* Task data:
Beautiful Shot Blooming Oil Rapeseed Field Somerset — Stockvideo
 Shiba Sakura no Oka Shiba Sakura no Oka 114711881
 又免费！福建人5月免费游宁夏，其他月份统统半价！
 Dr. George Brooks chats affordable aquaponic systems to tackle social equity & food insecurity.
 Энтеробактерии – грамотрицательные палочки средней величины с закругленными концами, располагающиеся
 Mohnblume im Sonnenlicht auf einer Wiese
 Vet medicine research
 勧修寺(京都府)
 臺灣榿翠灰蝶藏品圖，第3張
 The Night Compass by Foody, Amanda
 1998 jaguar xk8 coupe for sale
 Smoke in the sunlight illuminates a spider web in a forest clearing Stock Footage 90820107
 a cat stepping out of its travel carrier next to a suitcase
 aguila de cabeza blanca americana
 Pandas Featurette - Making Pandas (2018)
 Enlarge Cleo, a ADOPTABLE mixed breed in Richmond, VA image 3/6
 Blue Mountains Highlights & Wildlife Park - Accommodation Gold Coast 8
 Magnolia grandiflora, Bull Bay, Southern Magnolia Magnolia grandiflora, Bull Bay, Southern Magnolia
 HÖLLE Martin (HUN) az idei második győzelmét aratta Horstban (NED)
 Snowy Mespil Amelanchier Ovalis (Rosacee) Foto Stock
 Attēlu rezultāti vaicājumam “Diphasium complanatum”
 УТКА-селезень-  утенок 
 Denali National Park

* Task prompt:
Working through the records, find each line containing the word "Park" and copy it.

* The completed task:
 Blue Mountains Highlights & Wildlife Park - Accommodation Gold Coast 8
 Denali National Park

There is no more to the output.